Set down, unchanged, the line holding "Partituras da escala" and all lines that follow it to the end of the material, leaving pictures out.
+++
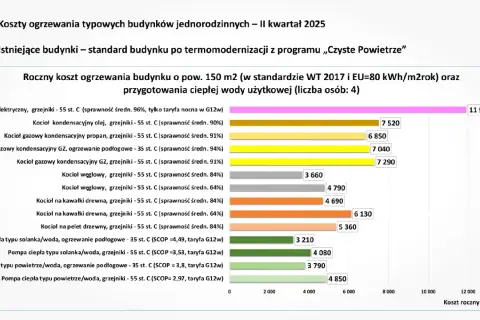Porównanie kosztów ogrzewania: czy ogrzewanie gazowe się opłaca? Wykres pokazuje, że kotły gazowe kondensacyjne są tańsze od elektrycznych, ale droższe od pomp ciepła.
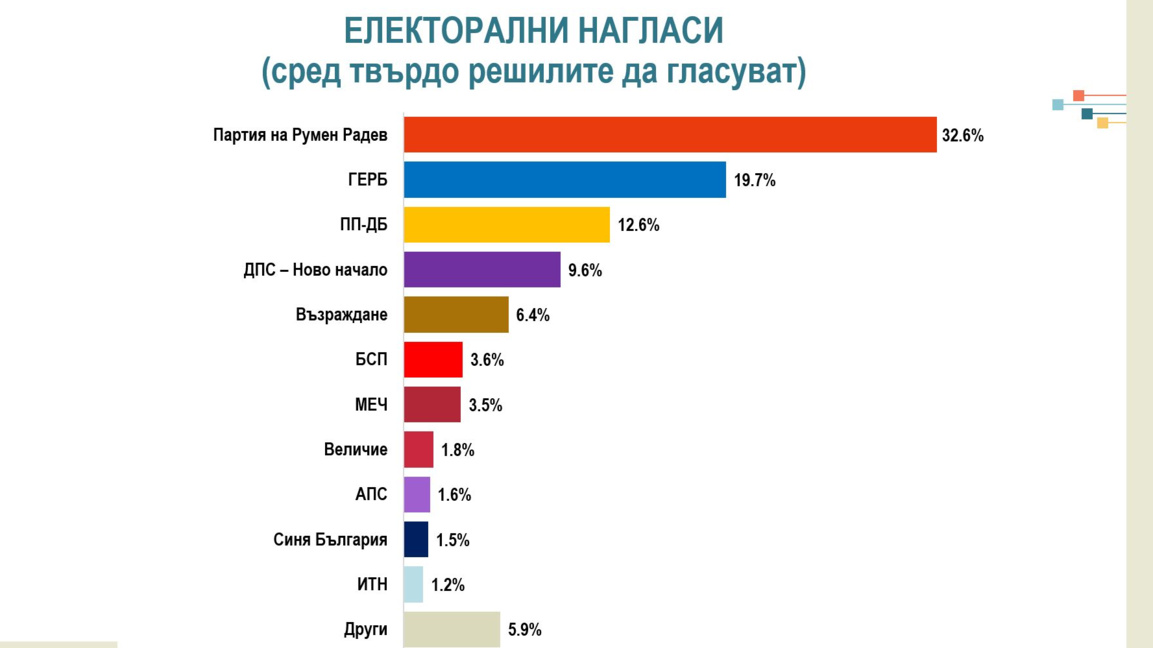 ''Алфа Рисърч'': Пет партии влизат в парламента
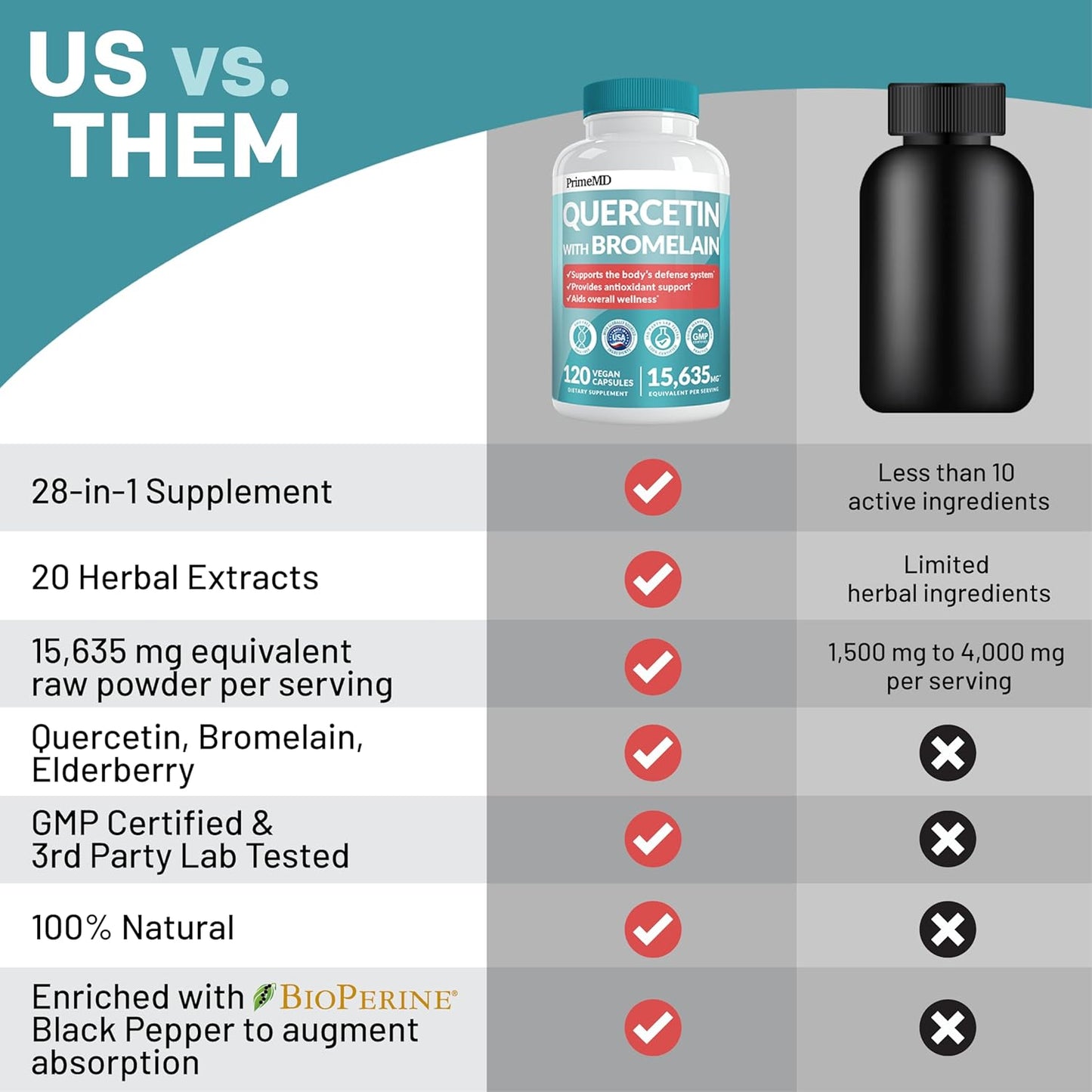 Daily Immune Defense Support: PrimeMD 28-in-1 Quercetin & Bromelain Supplement with Vitamin C, Zinc, D, and Elderberry - 120ct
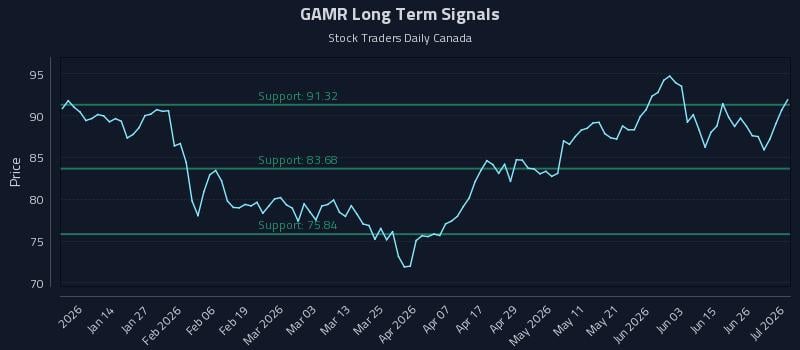 GAMR Long Term Analysis for July 2 2026 GAMR Long Term Analysis for July 2 2026
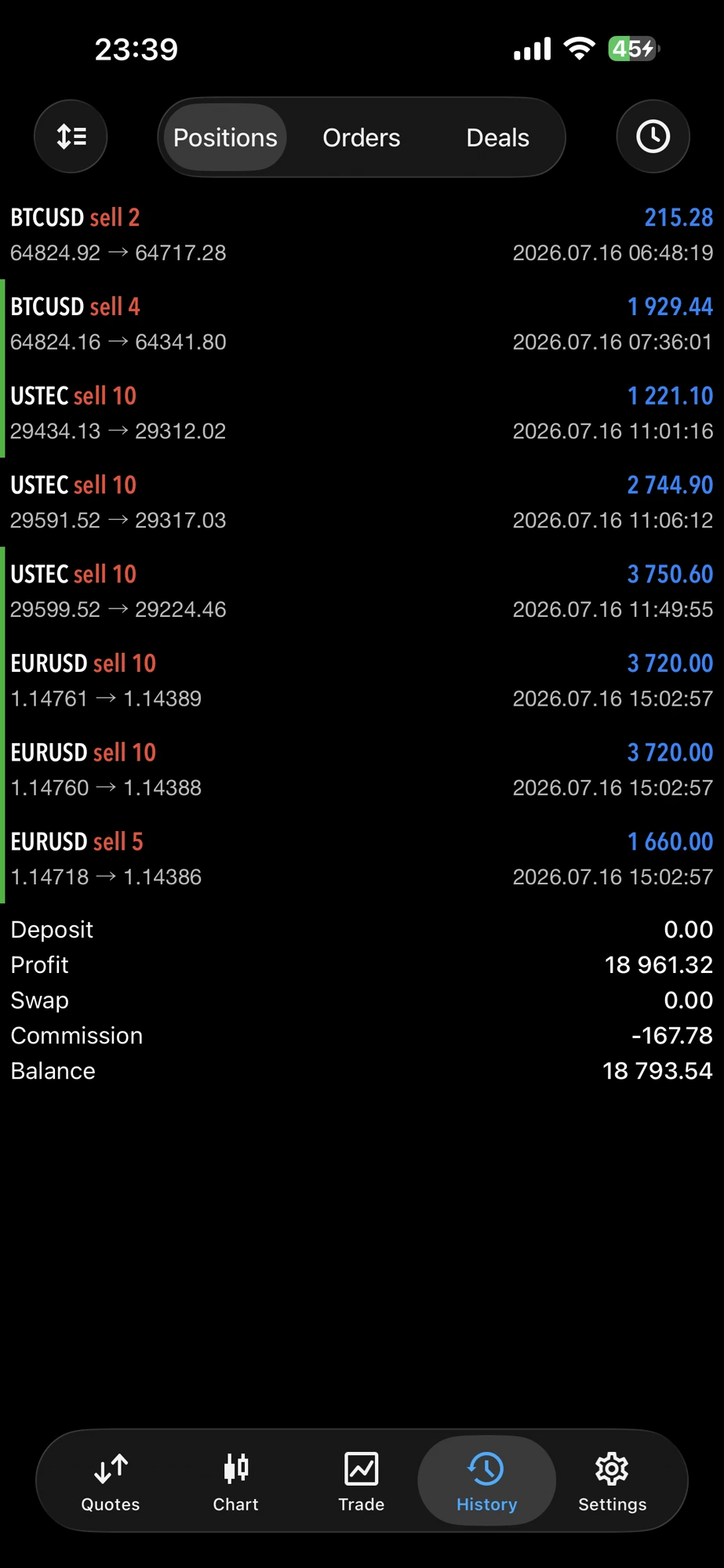 Mobile broker Positions screen showing eight sell trades across BTCUSD, USTEC and EURUSD totaling $18,961.32 profit over a single week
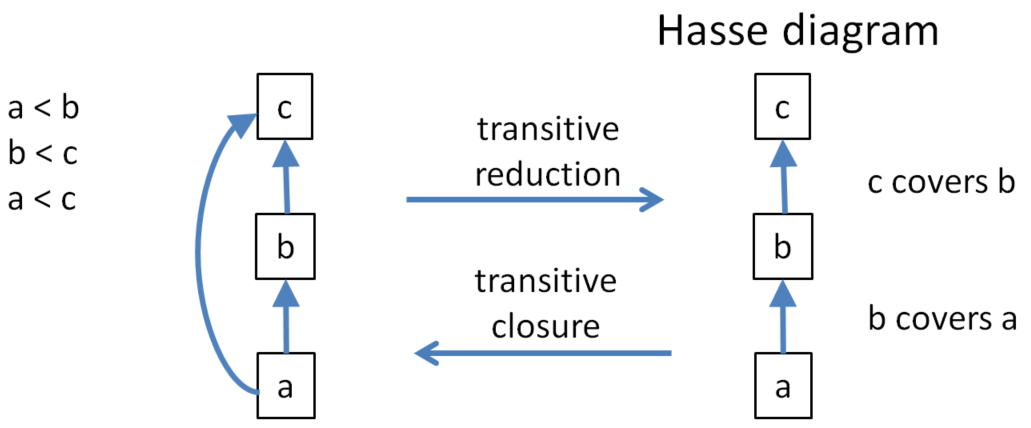 Hasse Diagram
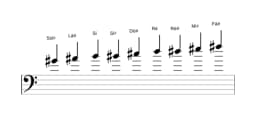 Partituras da escala Sol sustenido Blues Composta em três oitavas (4)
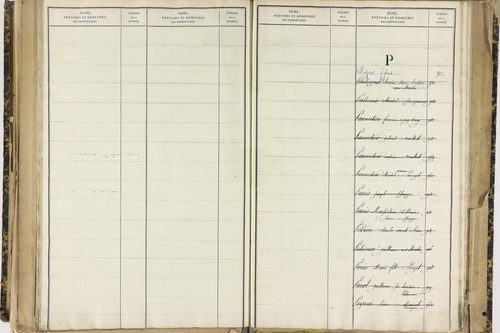Ennezat - P 10256      Folios 1959 à 2458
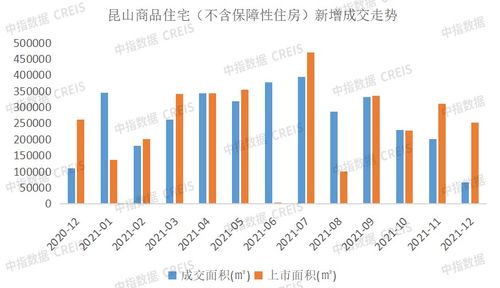 2021年蘇州房地產(chǎn)企業(yè)銷售業(yè)績top10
+++
* RESPONSE TO THE EXERCISE:
 Partituras da escala Sol sustenido Blues Composta em três oitavas (4)
Ennezat - P 10256      Folios 1959 à 2458
 2021年蘇州房地產(chǎn)企業(yè)銷售業(yè)績top10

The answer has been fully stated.